Fourth, a racially equitable program creates a space where BIPOC students belong and are viewed as assets, with their identities actively shaping the relational and emotional environment of the learning experience.
Mooney further identifies four critical recommendations for avoiding common equity detours in REE: to critically examine Whiteness to avoid pacing-for-privilege; connect Whiteness to environmental education to avoid superficial celebrations of diversity; decenter Whiteness to avoid essentializing non-White cultures; and disempower Whiteness to reject deficit-based ideologies. Rather than offering a fixed framework, the model she proposes is an embodied, practice-oriented approach informed by the lived wisdom of racial equity practitioners.
With more than 14 years of experience as an environmental educator and researcher, Mooney has designed and led inclusive environmental programs that have served over 150 school groups annually. Her professional background includes research and evaluation work at the Wildlife Conservation Society—supporting the Brooklyn Aquarium and Bronx Zoo’s Madagascar exhibit—and an internship at the Institute for Learning Innovation, grounding her practice in visitor studies and program assessment.

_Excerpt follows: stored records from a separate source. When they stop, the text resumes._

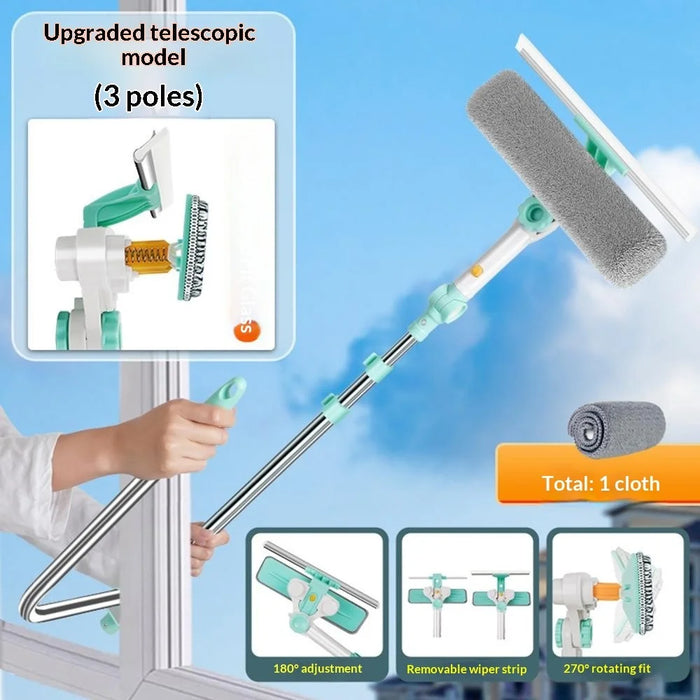 Squeegee High-Rise Window Cleaning Tool with 3Pcs Replacement Cloths 3-Section Telescopic Pole 270 Degree Rotating Head U-Shape Glass Cleaner - 3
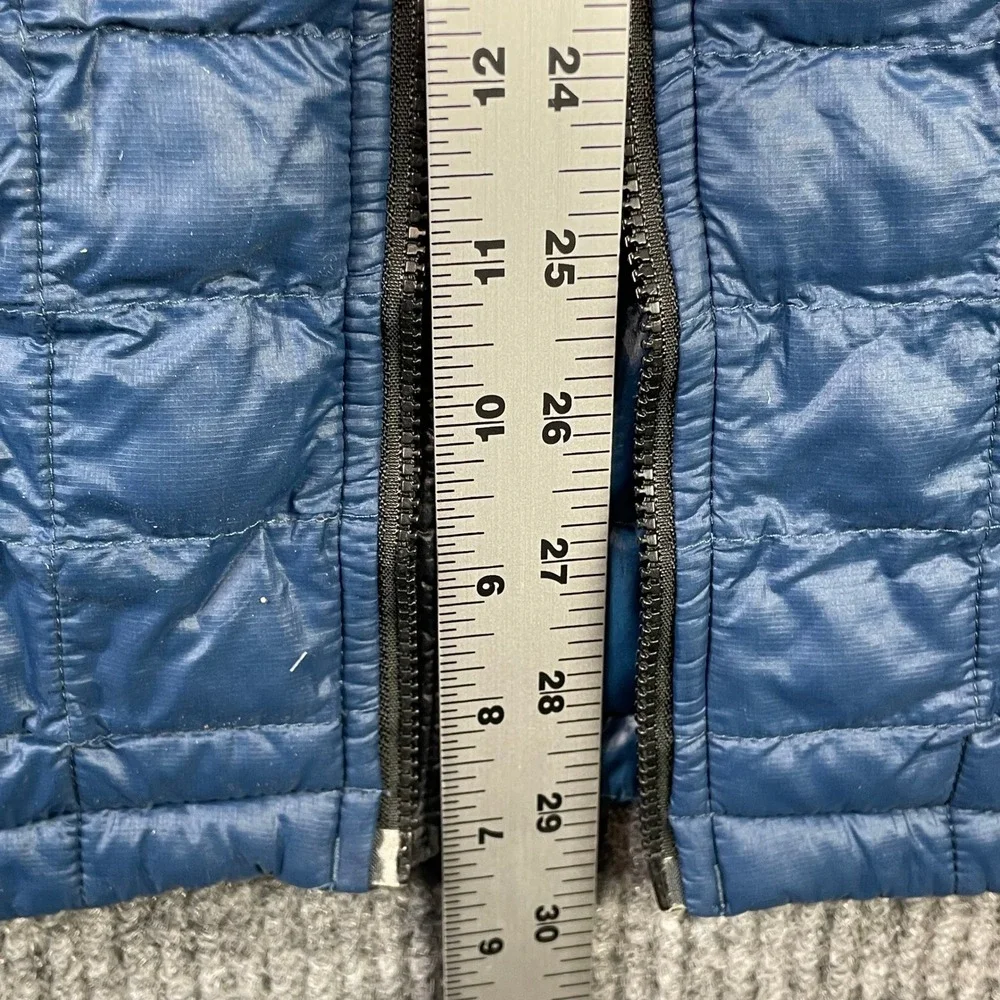 The North Face Thermoball Jacket Mens XL Blue Black Puffer Quilted Broken Zipper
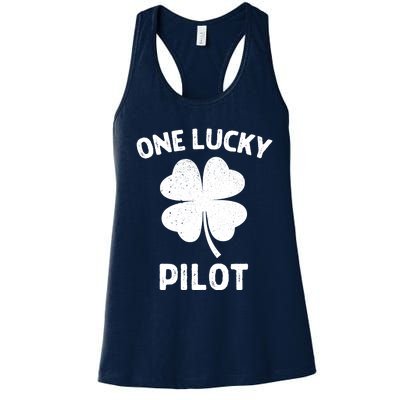 One Lucky Pilot St Patricks Day Green Shamrock Leaf Women's Racerback Tank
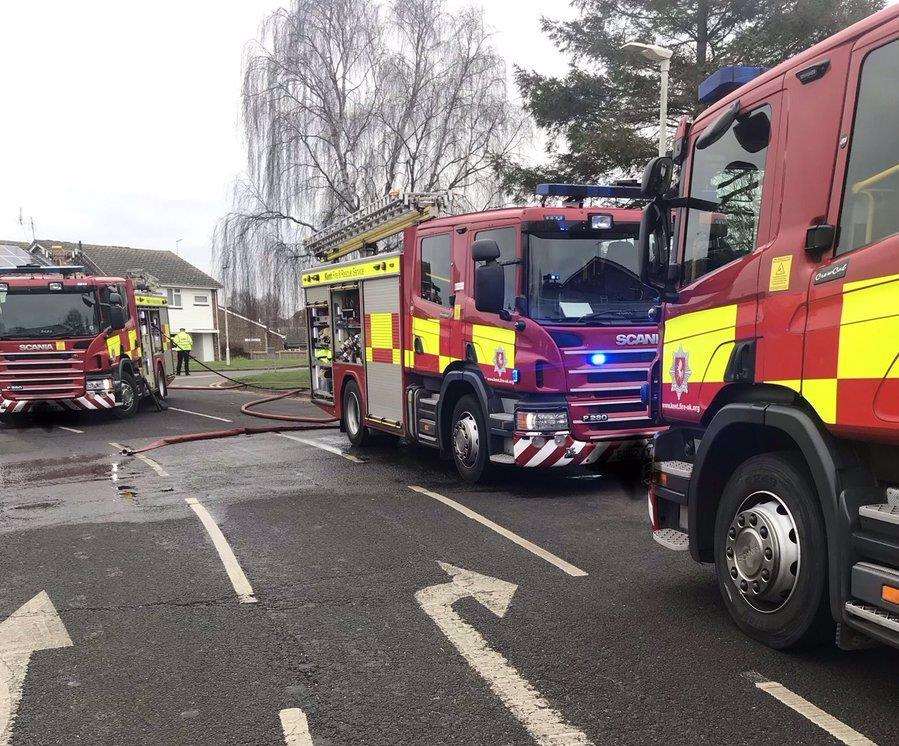 Firefighters and police were called to the blaze in Peregrine Drive. Picture: @KentSpecials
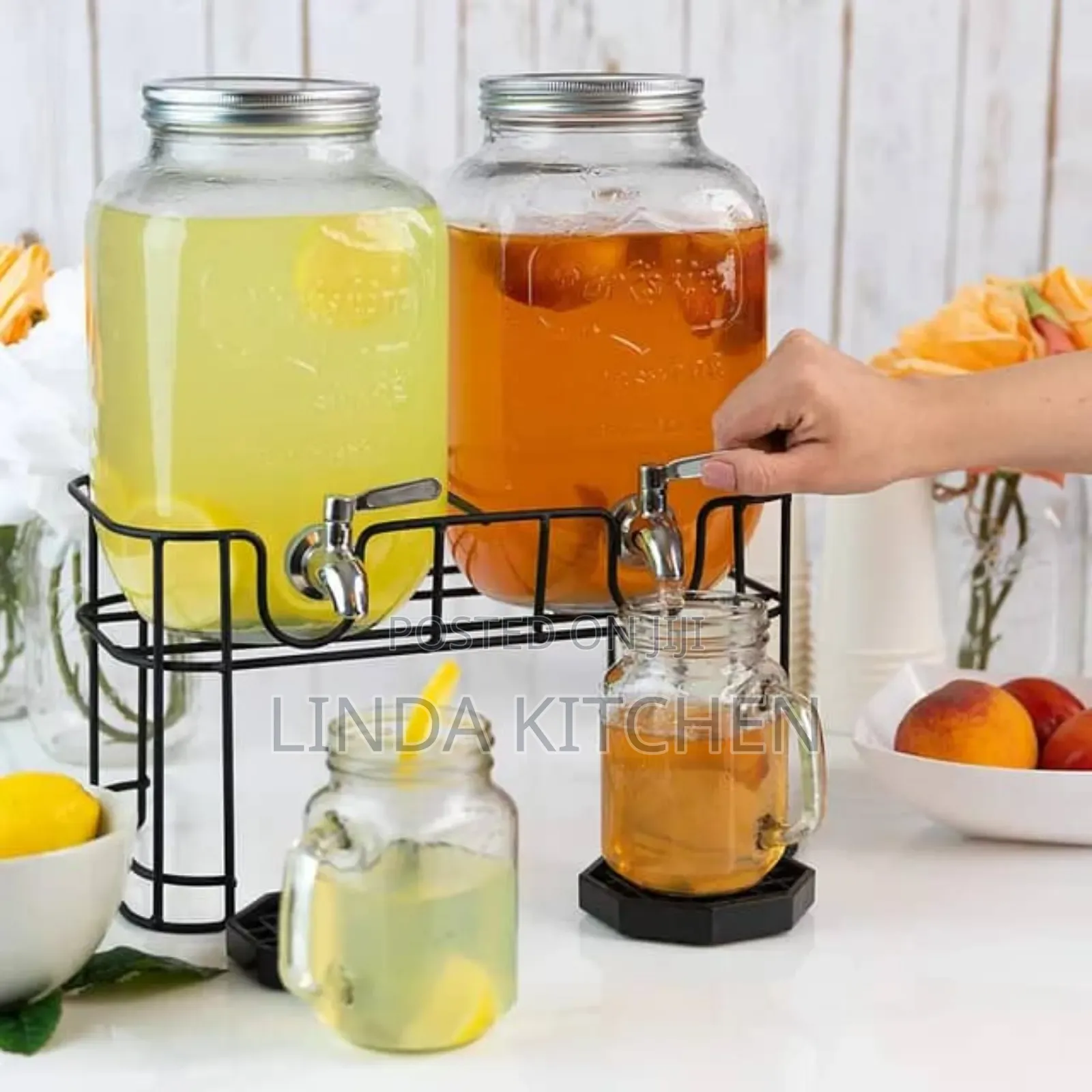 Glass Juice Dispenser 2 In1, 5lts Each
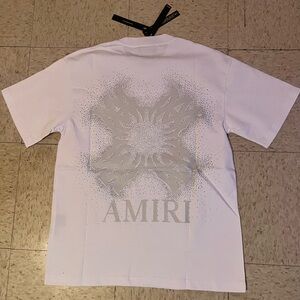AMIRI White Short Sleeve Graphic Back Logo Tee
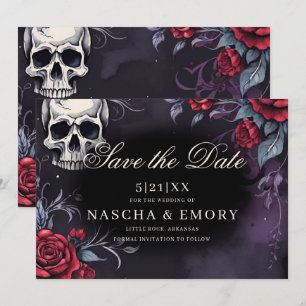 Elegant Red & Black Cathedral Gothic Wedding Save The Date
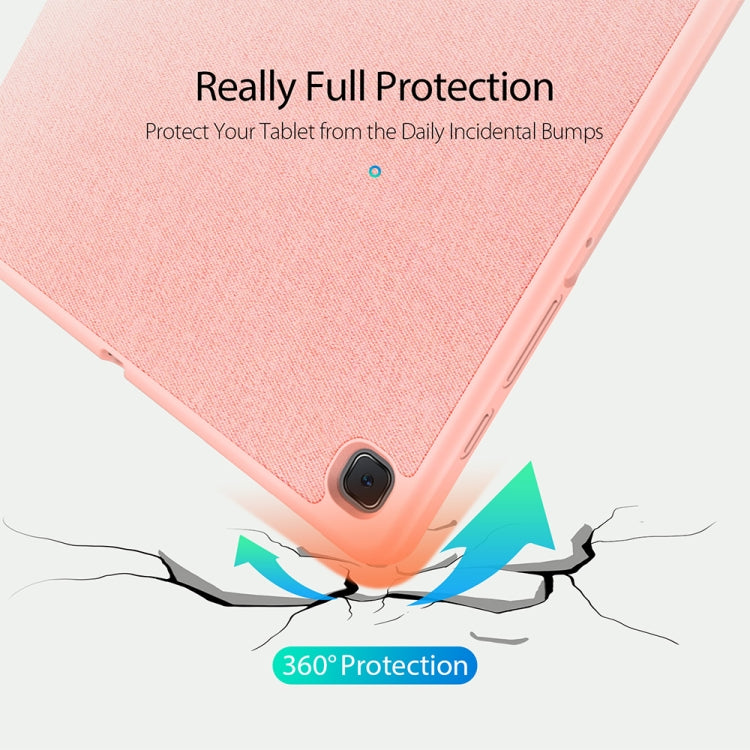 For Galaxy Tab S6 Lite 10.4 inch / S6 Lite 2024 DUX DUCIS Domo Series Horizontal Flip Magnetic PU Leather Case with Three-folding Holder & Pen Slot & Sleep / Wake-up Function(Pink)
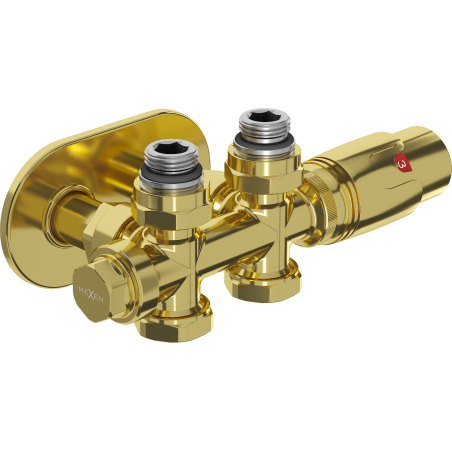 Mexen G00 kampasinis/tiesus termostatinis komplektas su dangteliu R, Duplex, DN50, auksinis - W908-900-905-50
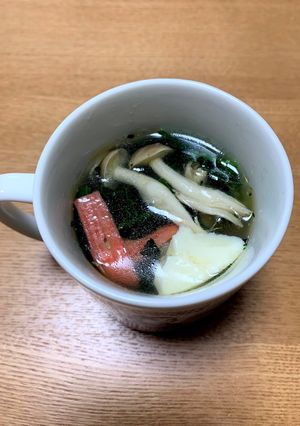 電子レンジで！具だくさんマグカップスープ-レシピのメイン写真
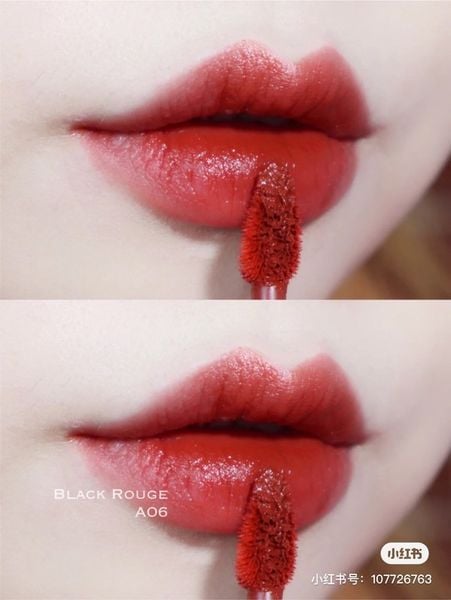 Cận cảnh đôi môi với son đỏ, cọ son đang thoa đều để tạo màu sắc rực rỡ và bóng bẩy.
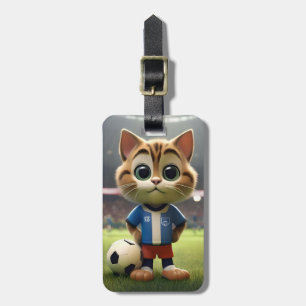 3D Soccer Cat, Luggage Tag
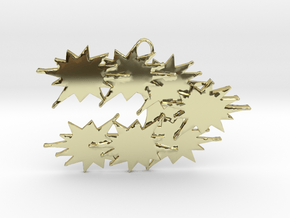 Stars Stream Conglomerating , Pendant. in 18k Gold Plated Brass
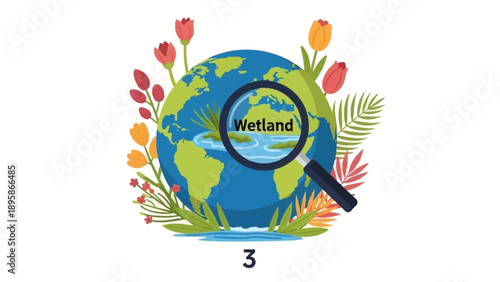 Vibrant illustration of Earth with magnifying glass on wetland area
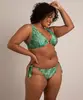 biquíni calcinha tanga plus size estampado folhagem com proteção uv50+ verde GG3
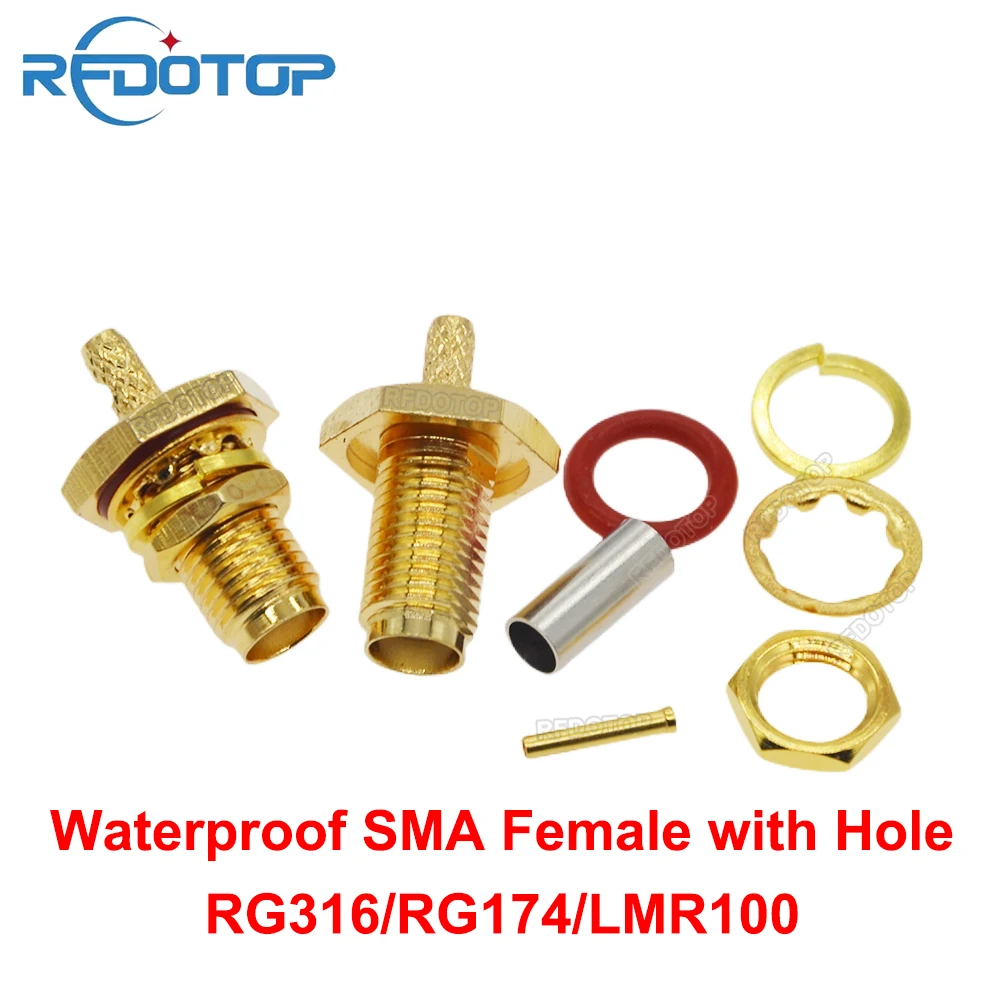 

100PCS/lot Waterproof SMA Female Jack Connector Crimp RG174/RG316/LMR100 Cable Gold Plated 50 Ohm SMA RF Connector High Quality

Mooney holds a Master of Science in Interdisciplinary Environmental Studies from Antioch University New England, a Master of Arts in Psychology from Hunter College (CUNY), and a Bachelor of Science in Biopsychology from Wagner College. As both a scholar and practitioner, she is committed to reimagining environmental education through the critical examination of Whiteness and to fostering inclusive, equity-driven learning environments where all students thrive.